At first, Ubuntu came close to giving me headaches. I was having issues getting it to enable the wireless NIC. After two nights of googling and trying to remember commands in the command line, I was finally able to find a solution. The solution involved going into root, which I had more issues doing so. I believe I had to boot up in the command line safe mode thingy and set a root password, and then log in as root to be able to type the command that enables the wireless NIC.
As I said, I'm a typical power user, and I've had some formal training on other linux distros (Red Hat, Fedora, and Suse), and it took me that much effort to get my wireless internet working. Based on this, I doubt your average end user would be too comfortable with Ubuntu, and perhaps other distro's as well.
Obviously, because of my experience, I don't really like the getting rid of root thing in Ubuntu. sudo never worked for me for some reason. The concept seems nice, but "the **** just don't work for me!" Another thing I didn't really like too much is the apt-get system. Half the apps I've tryed failed to function at all, and the other half did absolutly nothing I needed them to do because they lacked a good description of what they do. With my little experience with Fedora/Red Hat .rpm's, I would have to say that I like them better than apt-get. I want quality applications, not ****loads of nearly useless, compiled-in-parents-basement applications.

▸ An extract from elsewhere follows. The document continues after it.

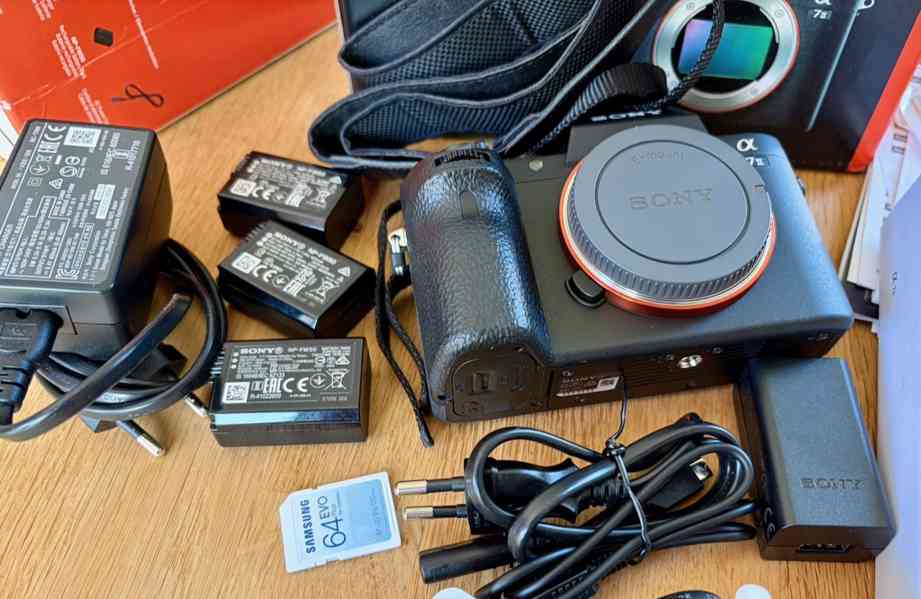 Sony A7 II full frame, jen cca 500 snímků, 4× baterie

I'm saying linux is not ready for "prime time" because if it gives me such a hard time, I certian it will give my grandmother a heart attack and drive my mother nuts if they were to try to use it. Naturally, I will be trying different distro's of linux in the near future; it can only get better and I can only improve my skill in using it. I believe linux will, for quite some time, remain an OS of power users and enthusiast.